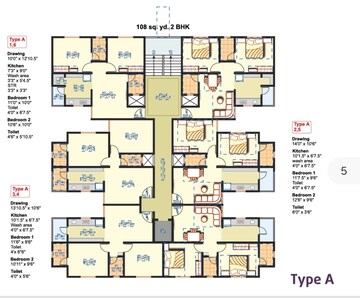 Floor Plan in 2 BHK Apartment at Art Nirman Shree Vishnu Dhara Cross Road, Gota – for Sale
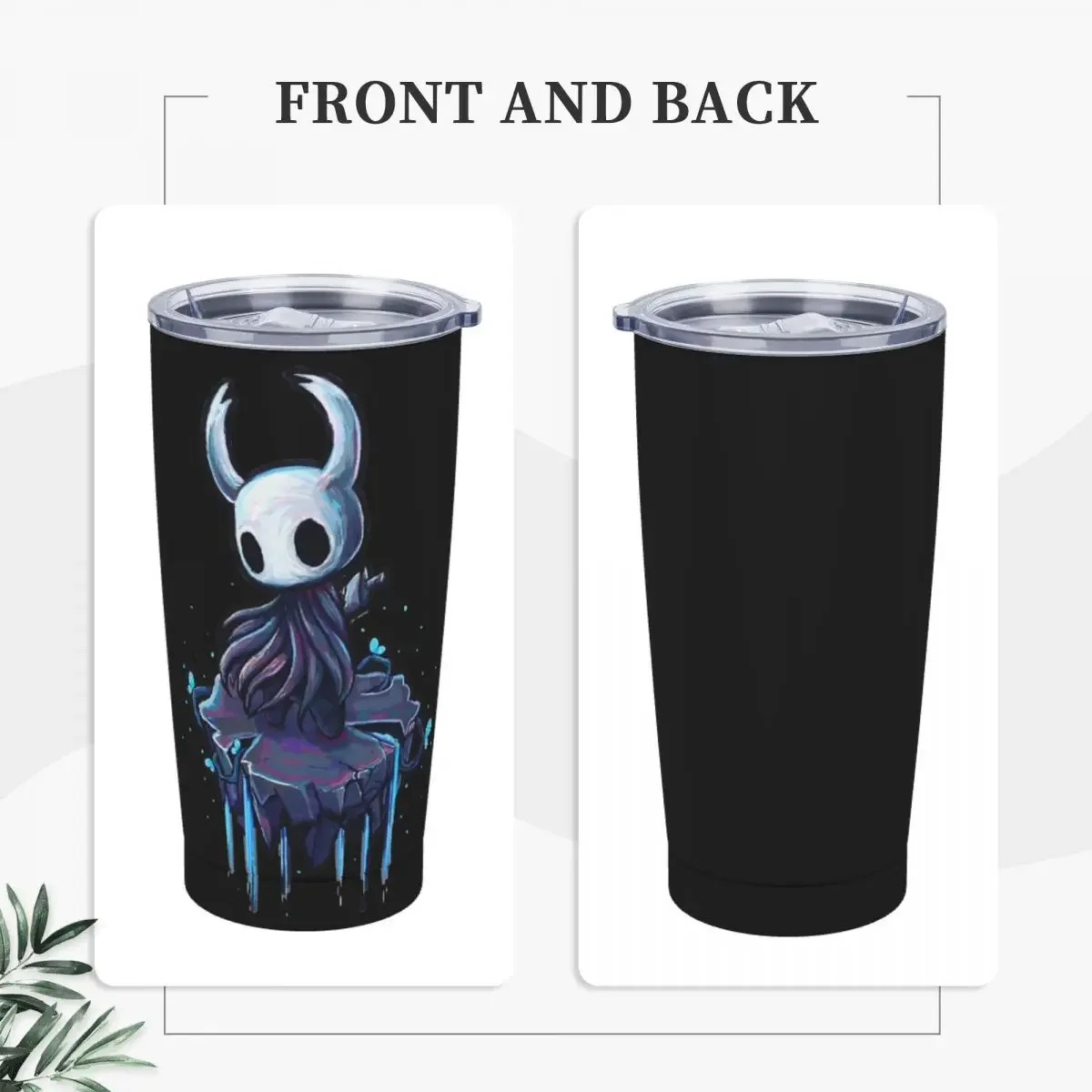 Hollow Knight Game Insulated Tumbler with Straws Lid Little Ghost Stainless Steel Thermal Mug Outdoor Car Bottle Cups, 20oz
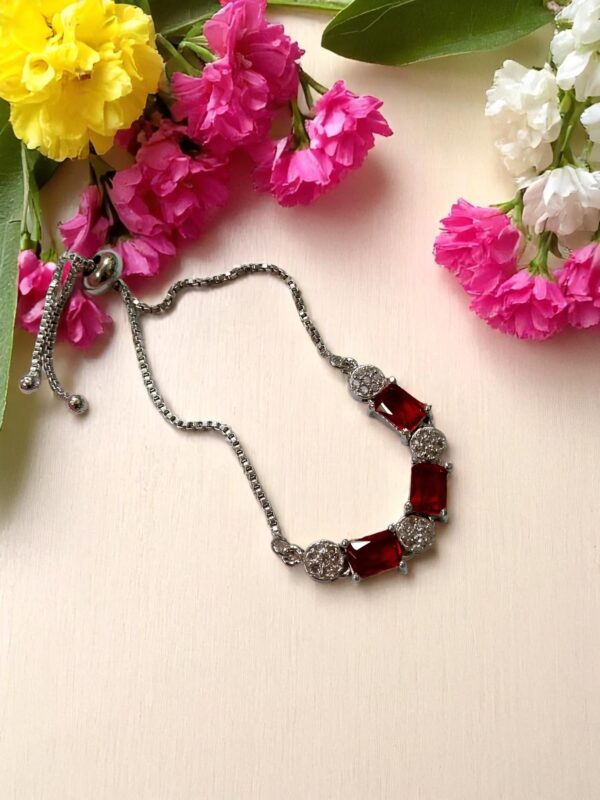 Stylish Maroon Stone Adjustable Bracelet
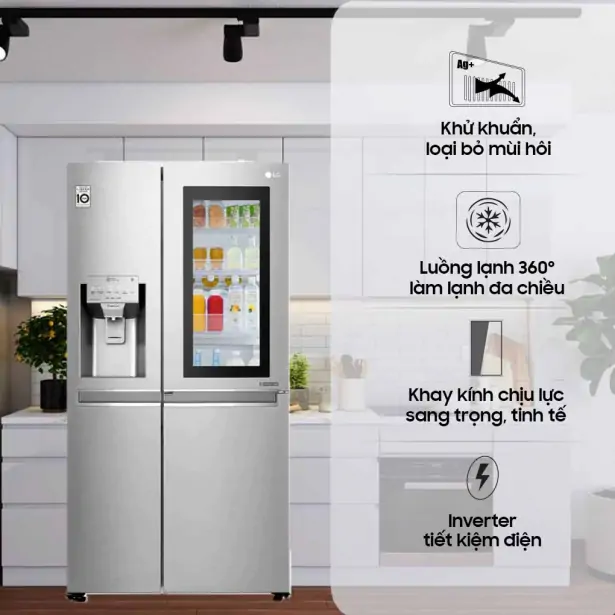 Tủ lạnh LG Inverter InstaView Door-in-Door 601 lít GR-X247JS. HÀNG TRƯNG  BÀY NEW BẢO HÀNH CHÍNH HÃNG | Shopee Việt Nam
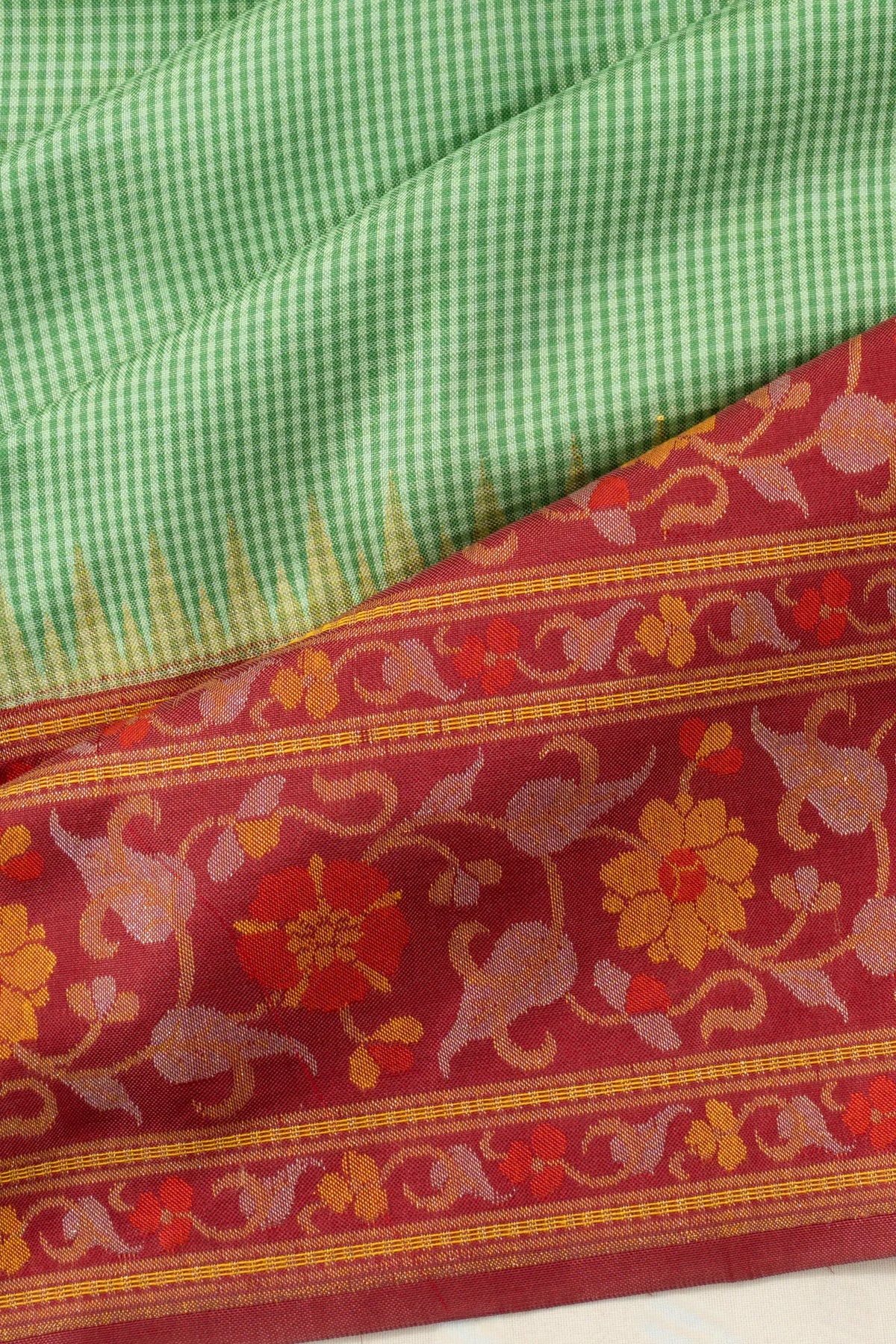 Banarasi Silk Checks Green Saree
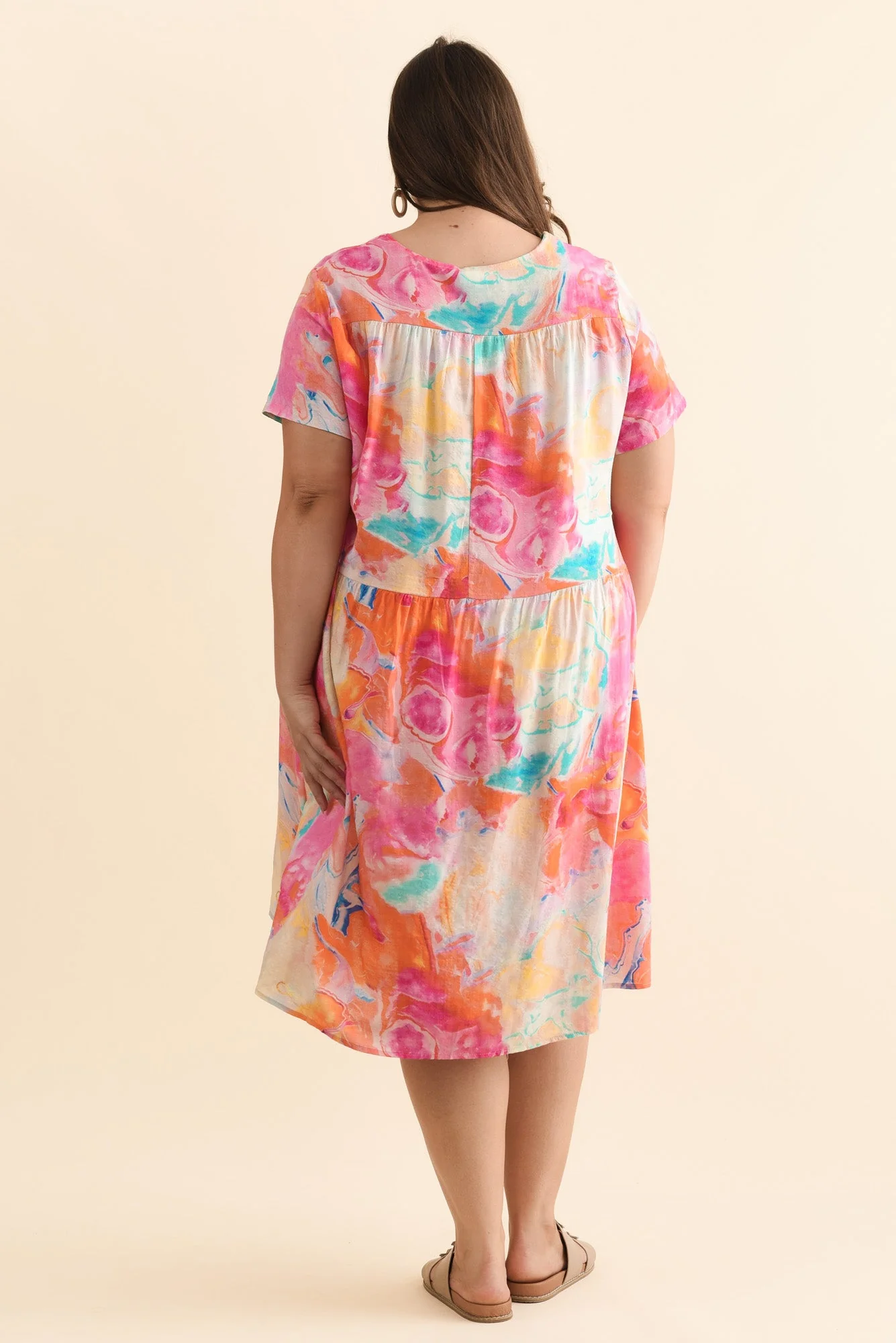 Murano Orange Abstract Cotton Dress - Image 10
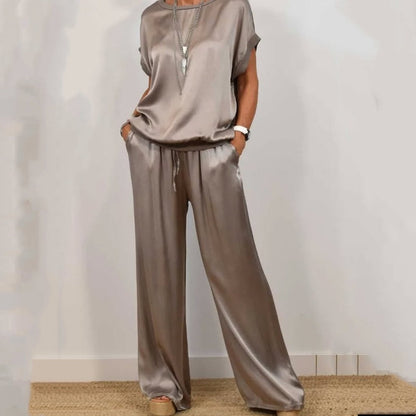 Damen Satin 2-teiliges Set: Kurzarm-Top und Hose【Kaufen Sie 2 versandkostenfrei】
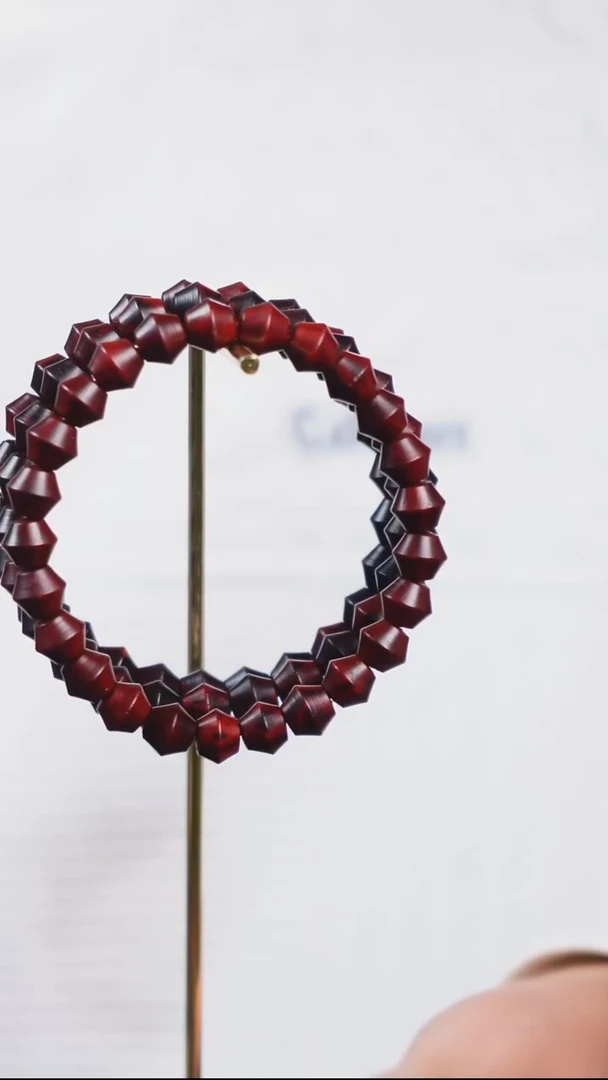 手串/手链小叶紫檀SG041 印度小叶紫檀黑飘红异形珠单圈手串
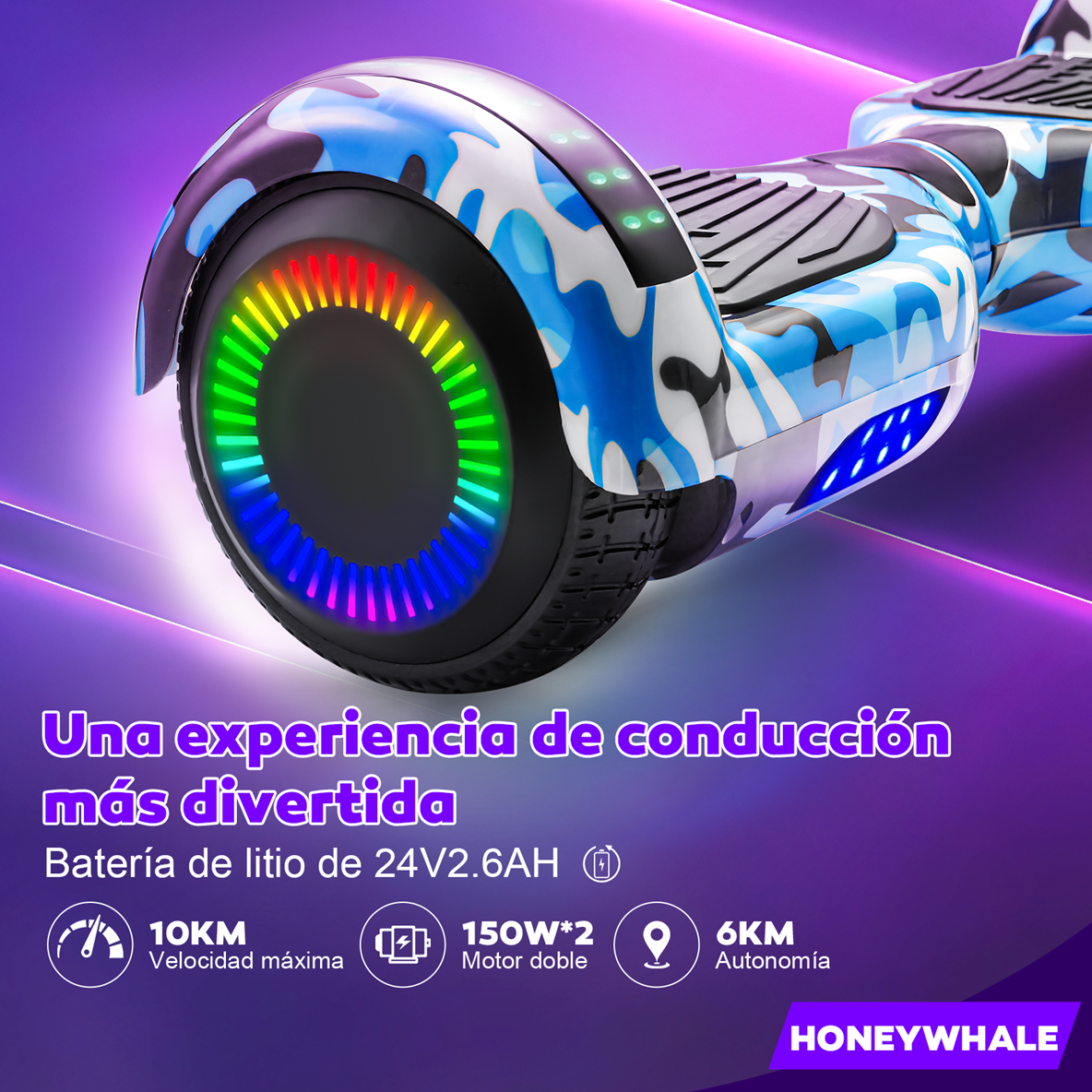 Foto 6 pulgar | Hoverboard Electrico Infantil Honey Whale Z1 Azul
▬▬▬▬▬▬▬▬▬▬
-- YOUR TASK --
Only the lines from the one containing "Stylish Maroon Stone Adjustable Bracelet" through the end of the records are wanted, set down exactly and without their pictures.

-- OUTPUT BELOW --
 Stylish Maroon Stone Adjustable Bracelet
 Tủ lạnh LG Inverter InstaView Door-in-Door 601 lít GR-X247JS. HÀNG TRƯNG  BÀY NEW BẢO HÀNH CHÍNH HÃNG | Shopee Việt Nam
 Banarasi Silk Checks Green Saree
 Murano Orange Abstract Cotton Dress - Image 10
 Damen Satin 2-teiliges Set: Kurzarm-Top und Hose【Kaufen Sie 2 versandkostenfrei】
 手串/手链小叶紫檀SG041 印度小叶紫檀黑飘红异形珠单圈手串
 Foto 6 pulgar | Hoverboard Electrico Infantil Honey Whale Z1 Azul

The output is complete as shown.